More than 20,000,000—or 1 in 15—Americans are afflicted by neuropathy, and many of them do not know they have it. Even though it is the leading cause of disability in the U.S. and one of the most common chronic neurological diseases, neuropathy is often misunderstood, misdiagnosed and underdiagnosed, and inadequately treated. However, early diagnosis and treatment is critical to preventing and slowing the progression of neuropathy.
May 12-16 is National Neuropathy Awareness Week. AANEM members have the opportunity to play a critical role in alleviating neuropathy by:
Recognizing the early symptoms and signs of neuropathy.
Providing an early and accurate diagnosis and treatments by working with patients to prevent and/or minimize progression of neuropathy and its complications.
Helping the public learn about neuropathy and its risk factors.

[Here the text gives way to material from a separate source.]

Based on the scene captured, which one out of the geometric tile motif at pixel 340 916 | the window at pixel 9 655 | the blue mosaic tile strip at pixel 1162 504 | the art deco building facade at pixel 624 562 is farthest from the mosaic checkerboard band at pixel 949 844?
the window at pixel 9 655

Since 1995, The Neuropathy Association
has been working to change the public’s perception of neuropathy and help patients, health care providers, and the public at large understand the true scope of this debilitating disease. And since 2005, The Neuropathy Association has annually designated the third week of May as National Neuropathy Awareness Week on the federal government’s calendar of National Health Observances.

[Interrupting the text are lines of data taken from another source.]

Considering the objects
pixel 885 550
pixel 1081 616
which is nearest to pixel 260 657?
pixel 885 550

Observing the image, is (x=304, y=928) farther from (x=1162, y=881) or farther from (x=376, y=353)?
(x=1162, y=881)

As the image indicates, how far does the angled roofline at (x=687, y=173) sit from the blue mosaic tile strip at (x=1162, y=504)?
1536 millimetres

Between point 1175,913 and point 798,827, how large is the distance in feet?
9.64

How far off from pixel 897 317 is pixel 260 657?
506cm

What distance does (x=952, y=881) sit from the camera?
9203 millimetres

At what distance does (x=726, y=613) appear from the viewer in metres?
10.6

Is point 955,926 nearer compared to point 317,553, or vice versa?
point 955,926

“We recognize that neuropathy is a 24/7/365 battle for more than 20,000,000 people in the U.S. Until we find better treatments and cures for neuropathy, every week is National Neuropathy Awareness Week, every day is Neuropathy Awareness Day. And, so our mission is 24/7/365. But, during National Neuropathy Awareness Week, we push ourselves and our community—patients, caregivers, and professionals—to help us take neuropathy awareness to the next level,” said Tina Tockarshewsky, president and CEO of The Neuropathy Association.

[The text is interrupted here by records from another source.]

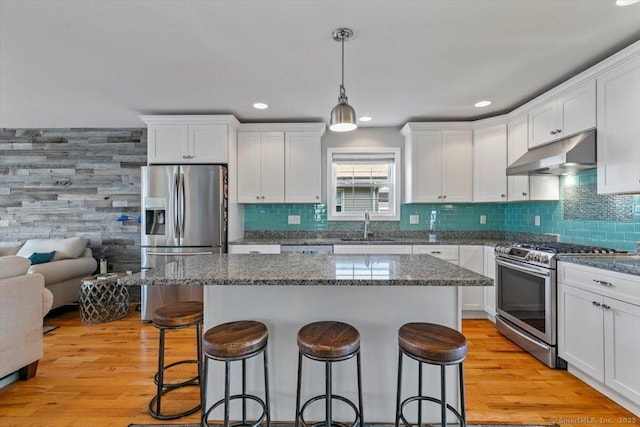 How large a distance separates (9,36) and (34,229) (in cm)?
324

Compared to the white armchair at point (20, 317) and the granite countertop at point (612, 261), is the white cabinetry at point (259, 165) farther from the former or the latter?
the granite countertop at point (612, 261)

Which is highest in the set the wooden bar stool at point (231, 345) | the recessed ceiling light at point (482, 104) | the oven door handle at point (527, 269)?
the recessed ceiling light at point (482, 104)

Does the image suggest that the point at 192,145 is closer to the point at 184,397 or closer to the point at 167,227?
the point at 167,227

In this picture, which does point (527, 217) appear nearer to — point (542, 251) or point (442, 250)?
point (442, 250)

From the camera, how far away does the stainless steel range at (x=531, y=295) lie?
2381 mm

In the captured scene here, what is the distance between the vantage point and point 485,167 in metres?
3.61

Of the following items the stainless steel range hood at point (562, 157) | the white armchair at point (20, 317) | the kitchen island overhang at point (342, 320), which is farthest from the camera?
the stainless steel range hood at point (562, 157)

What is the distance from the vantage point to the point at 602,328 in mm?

Awareness and understanding of this disease—and its impact—are the drivers for allocating more funding for neuropathy research, developing more programs for the neuropathy community, and, ultimately, finding more therapies and cures.
“While early intervention and treatment can be critical to slowing the disease’s progression, our biggest challenge is many Americans still do not know about neuropathy, are unaware they have it, and do not recognize warning signs, which can include weakness, numbness, tingling, and pain, especially in the hands and feet. If ignored, these symptoms can lead to persistent weakness, loss of sensation or unremitting pain,” noted AANEM member Thomas H. Brannagan, III, M.D., medical advisor for The Neuropathy Association.